Three-year outcomes support durable efficacy of the PAUL glaucoma implant
PAUL Glaucoma Implant (PGI) surgery provides sustained, long-term reduction in intraocular pressure (IOP) and medication use in patients with refractory glaucoma, with effectiveness maintained over 3 years and the option for additional postoperative IOP lowering through intraluminal Prolene stent removal, according to a study.
The retrospective cohort included 60 eyes of 56 patients who underwent PGI implantation. Surgical success was evaluated using predefined IOP thresholds ranging from ≤21 mmHg to ≤12 mmHg.

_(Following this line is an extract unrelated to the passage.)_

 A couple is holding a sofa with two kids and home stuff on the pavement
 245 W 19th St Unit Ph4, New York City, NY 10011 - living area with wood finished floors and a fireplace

Over 36 months, mean IOP declined by 54%, falling from 26.73 mmHg at baseline to 10.83 mmHg. There was also a reduction in IOP-lowering medications (3.38 to 0.57). Qualified success rates ranged from 88% under the least stringent IOP criterion to 30% under the strictest, while complete success rates ranged from 43% to 22%.
Postoperative complications included hypotony requiring intervention in 3 eyes, corneal decompensation requiring DMEK in 1 eye, and conjunctival revision for tube exposure in 7 eyes. Intraluminal Prolene stent removal was performed in nearly half of treated eyes, leading to an additional reduction in IOP.
Reference
Liegl C, Bourauel L, Aretz B, et al. Clinical outcomes of the PAUL® Glaucoma implant for refractory glaucoma: three-year results. Eye (Lond). 2025;doi: 10.1038/s41433-025-04131-3. Epub ahead of print. PMID: 41402597.